Languages like English, Afrikaans and isiXhosa are kitchen languages. They are combinations of various inputs. That is why they are so colourful. The (Sweet) Orange is a hybrid fruit. It is a combination of a Pomelo and a Mandarin.

Sweet Oranges were first mentioned in Chinese literature in around 314 BC. How they came to be cultivated around the world has hints in the names they are called in various languages. The word 'Orange' comes from the Sanskrit word... Naranja. The Indo-European languages stretched all the way to Europe. When Alexander conquered the world... he didn't head west, he headed east. If he had been someone who grew up in Apartheid South Africa (like me), Alexander would have been unlikely to make it into a 'white school'. The language spread though... and Oranges are called Naranja in Spanish, and Orange in German/French/English (i.e. Apartheid White). They were brought to Spain by the North African Moors, who had become Muslims through their connections to the lands just south of Alexander.

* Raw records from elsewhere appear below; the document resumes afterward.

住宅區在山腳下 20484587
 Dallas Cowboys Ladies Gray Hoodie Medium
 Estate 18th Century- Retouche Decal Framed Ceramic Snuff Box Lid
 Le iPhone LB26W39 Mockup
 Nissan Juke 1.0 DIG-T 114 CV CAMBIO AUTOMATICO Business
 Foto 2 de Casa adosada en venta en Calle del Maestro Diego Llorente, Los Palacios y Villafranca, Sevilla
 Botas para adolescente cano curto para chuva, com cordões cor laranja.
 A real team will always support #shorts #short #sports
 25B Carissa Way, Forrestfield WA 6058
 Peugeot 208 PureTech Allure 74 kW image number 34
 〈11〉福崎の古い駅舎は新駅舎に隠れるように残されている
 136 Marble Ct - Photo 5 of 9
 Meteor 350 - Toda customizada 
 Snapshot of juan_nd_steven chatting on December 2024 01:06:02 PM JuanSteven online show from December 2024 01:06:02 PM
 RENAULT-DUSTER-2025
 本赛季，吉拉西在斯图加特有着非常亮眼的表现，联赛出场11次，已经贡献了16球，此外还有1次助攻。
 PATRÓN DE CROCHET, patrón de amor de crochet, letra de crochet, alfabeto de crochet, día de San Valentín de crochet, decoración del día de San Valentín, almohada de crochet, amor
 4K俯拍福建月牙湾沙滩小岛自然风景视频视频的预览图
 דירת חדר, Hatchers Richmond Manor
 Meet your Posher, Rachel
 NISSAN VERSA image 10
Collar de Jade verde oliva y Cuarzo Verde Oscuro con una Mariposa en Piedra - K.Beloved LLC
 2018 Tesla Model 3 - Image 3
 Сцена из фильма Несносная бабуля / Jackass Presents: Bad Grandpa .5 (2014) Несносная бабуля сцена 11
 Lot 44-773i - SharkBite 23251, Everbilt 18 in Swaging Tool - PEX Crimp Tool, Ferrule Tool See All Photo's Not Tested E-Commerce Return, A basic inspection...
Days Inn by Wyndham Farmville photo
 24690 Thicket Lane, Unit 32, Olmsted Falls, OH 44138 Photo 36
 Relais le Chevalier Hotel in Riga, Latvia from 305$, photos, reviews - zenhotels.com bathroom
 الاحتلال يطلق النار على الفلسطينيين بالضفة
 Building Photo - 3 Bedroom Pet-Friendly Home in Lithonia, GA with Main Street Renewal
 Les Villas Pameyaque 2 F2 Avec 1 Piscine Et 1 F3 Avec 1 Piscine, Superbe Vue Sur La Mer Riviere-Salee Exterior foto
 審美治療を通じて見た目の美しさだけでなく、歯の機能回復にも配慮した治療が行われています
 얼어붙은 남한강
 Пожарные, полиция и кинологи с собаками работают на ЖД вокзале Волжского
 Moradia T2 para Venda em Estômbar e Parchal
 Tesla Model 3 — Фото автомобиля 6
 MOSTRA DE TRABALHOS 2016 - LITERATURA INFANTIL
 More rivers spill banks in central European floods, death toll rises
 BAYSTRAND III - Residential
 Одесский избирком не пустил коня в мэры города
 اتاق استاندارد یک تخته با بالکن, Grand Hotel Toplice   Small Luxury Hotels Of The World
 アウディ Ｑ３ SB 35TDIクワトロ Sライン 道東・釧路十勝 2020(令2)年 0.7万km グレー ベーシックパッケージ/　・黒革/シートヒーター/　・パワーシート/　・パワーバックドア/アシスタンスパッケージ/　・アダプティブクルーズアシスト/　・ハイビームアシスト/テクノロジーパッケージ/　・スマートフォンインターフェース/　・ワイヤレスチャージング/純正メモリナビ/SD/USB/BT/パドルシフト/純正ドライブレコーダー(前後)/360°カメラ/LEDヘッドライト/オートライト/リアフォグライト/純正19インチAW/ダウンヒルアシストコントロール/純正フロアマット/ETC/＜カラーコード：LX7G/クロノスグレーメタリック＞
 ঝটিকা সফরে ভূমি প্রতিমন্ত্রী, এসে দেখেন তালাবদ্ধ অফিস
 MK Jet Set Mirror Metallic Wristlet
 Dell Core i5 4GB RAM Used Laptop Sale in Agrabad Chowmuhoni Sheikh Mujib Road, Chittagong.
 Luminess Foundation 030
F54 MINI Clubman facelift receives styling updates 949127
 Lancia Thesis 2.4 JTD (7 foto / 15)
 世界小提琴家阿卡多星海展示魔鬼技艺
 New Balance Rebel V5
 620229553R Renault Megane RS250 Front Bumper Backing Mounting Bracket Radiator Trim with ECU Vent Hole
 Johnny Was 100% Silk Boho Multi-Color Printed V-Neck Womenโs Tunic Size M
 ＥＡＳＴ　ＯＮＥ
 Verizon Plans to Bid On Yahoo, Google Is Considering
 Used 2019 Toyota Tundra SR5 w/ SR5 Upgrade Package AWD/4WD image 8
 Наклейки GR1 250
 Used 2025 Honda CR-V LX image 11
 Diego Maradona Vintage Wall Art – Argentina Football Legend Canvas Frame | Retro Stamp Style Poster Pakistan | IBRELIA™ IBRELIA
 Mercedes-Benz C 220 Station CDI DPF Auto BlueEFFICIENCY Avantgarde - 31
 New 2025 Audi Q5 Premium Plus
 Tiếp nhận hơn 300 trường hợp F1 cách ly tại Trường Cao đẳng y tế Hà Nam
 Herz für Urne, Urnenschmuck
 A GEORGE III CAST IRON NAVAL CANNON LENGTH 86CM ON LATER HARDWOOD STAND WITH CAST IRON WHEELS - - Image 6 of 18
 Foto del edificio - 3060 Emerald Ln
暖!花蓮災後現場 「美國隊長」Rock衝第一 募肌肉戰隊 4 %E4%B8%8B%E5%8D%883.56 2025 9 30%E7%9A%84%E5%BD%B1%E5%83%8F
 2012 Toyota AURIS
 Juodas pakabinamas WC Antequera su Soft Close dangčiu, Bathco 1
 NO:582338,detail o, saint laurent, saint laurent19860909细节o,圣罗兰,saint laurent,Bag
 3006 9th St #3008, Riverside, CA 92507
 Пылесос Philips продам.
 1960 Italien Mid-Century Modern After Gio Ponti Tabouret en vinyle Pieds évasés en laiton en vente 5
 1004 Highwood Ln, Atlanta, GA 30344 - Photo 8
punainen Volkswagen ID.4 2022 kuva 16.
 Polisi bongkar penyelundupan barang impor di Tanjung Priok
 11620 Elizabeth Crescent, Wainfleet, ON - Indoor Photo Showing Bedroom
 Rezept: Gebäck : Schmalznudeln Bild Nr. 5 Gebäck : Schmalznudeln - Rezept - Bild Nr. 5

What is funny, is that Oranges were introduced to the areas Alexander came from, from the west. So in Greek, an Orange is Portokali, Turkish it is Portokal, Arabic it is Boutouqal, and Persian it is Portegal. Like the Spanish, the Portuguese had the Sanskrit name... Laranja. Thanks to the Portuguese traders who 'brought' them this delight.

The traveling cultures had named it differently. They saw it earlier. The Northern Germans call the orange an Apfelsine, Dutch Appelsine, Swedish Apelsin, and Norwegians Appelsin. An apple from China. Even though the Chinese call it Chéngzi. The Russians call it something similar to the Spanish (Oranzhevyy) but the Mongolians (who now use Russian script) show the link between Russia and China (via them) and call them jürj.

The Mongol leader Genghis ruled an Empire that stretched from Poland and Hungary to the eastern edge of modern Russia. The Turks led the Ottoman Empire. Al-Andulus streched Muslim rule from Northern Africa into Spain. The Norman French colonised England and basically never left, but rather melted into the upper classes. The richest man ever to live was from Timbuktu in Mali - Mansa Musa. He too traveled west to look for culture, and famously caused huge inflation in Egypt on route to Mecca because of his generosity.

If we define 'we' by group identities, then we have all had our turn on top and underneath. But lest that give you an air of superiority or inferiority - our tongues betray us. There is only one us, and ideas spread even if they take on different local forms.